# Texas to have its own gold Depository?



## db2469 (Jun 11, 2012)

http://finance.yahoo.com/blogs/dail...RhaWQDBHBzdGNhdANob21lBHB0A3NlY3Rpb25z;_ylv=3


----------



## BillS (May 30, 2011)

A bill was introduced. Let's start with that. We'll see if it passes. Either way, there's no way I'd store my gold in a state depository.


----------



## BillM (Dec 29, 2010)

*Prehaps*



BillS said:


> A bill was introduced. Let's start with that. We'll see if it passes. Either way, there's no way I'd store my gold in a state depository.


Perhaps this is a prelude to a texas gold backed currency.


----------



## Cabowabo (Nov 6, 2012)

I personally think its a good idea, but I wouldn't store my gold there. Texas is constitutionally bound to have a balanced budget. And I believe our legislature also has a surplus. So using that surplus to have a gold despository would be a good desicision. That way if things go really bad Texas can issue its own currency good in Texas backed by Gold. Great idea.
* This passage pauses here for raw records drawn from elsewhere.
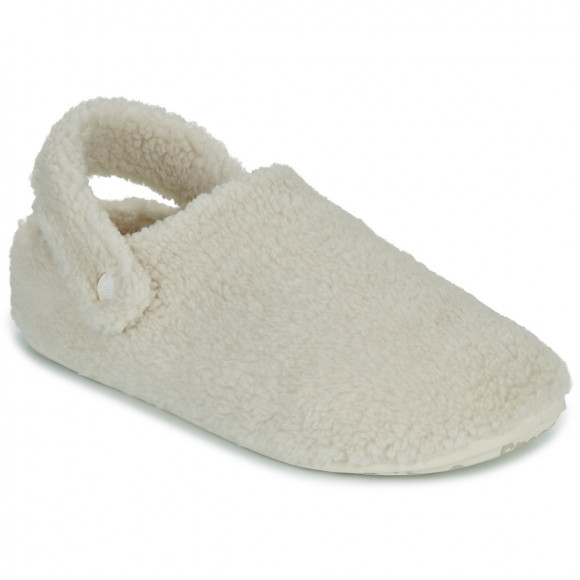 Crocs ჩუსტი Classic Cozzzy Slipper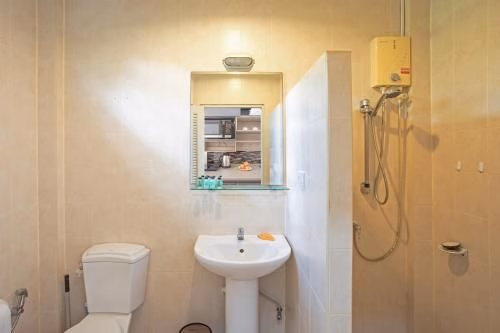 Condo Thalassa 081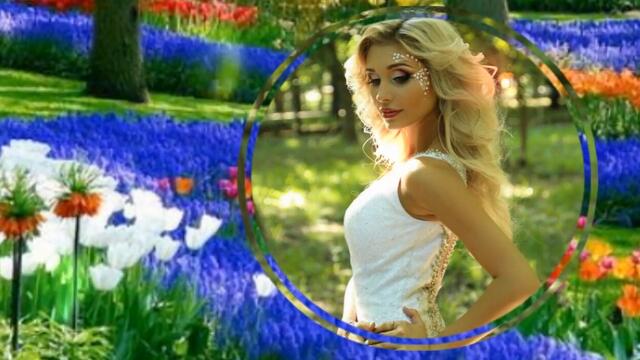 ТАМАРА ВИКБЕРГ   -   ПУСТЬ БУДЕТ В МОЕЙ ЖИЗНИ, КАК Я ХОЧУ !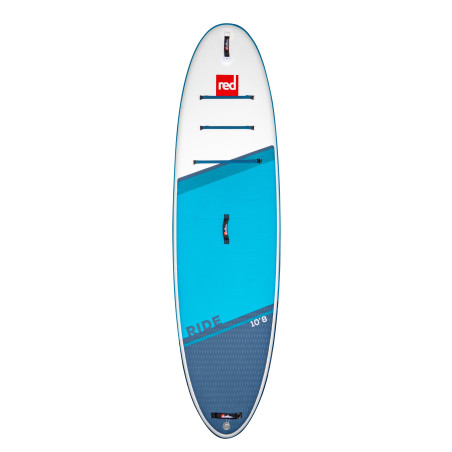 TABLA SUP HINCHABLE RED PADDLE CO RIDE 10'8"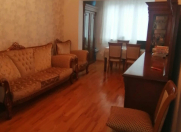 Satılır 4 otaqlı 100 m2 köhnə tikili Yeni Yasamal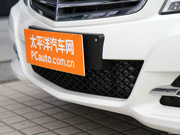 2011款 C 180K 經(jīng)典型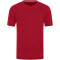 JAKO Pro Casual T-Shirt Damen 141 - chili rot 34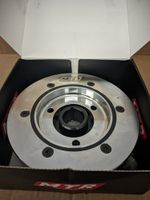 POLIA DAMPER GM OPALA 1 CANAL COM CUBO-051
GOD BLESS TEXAS


----------



## db2469 (Jun 11, 2012)

BillM said:


> Perhaps this is a prelude to a texas gold backed currency.


That's what I was thinking...or at least if the government tried to confiscate civilian gold like they did during the great depression, legally they couldn't take this, so they think anyway...


----------



## zracer7 (Apr 17, 2012)

Sounds like a good idea to me.


----------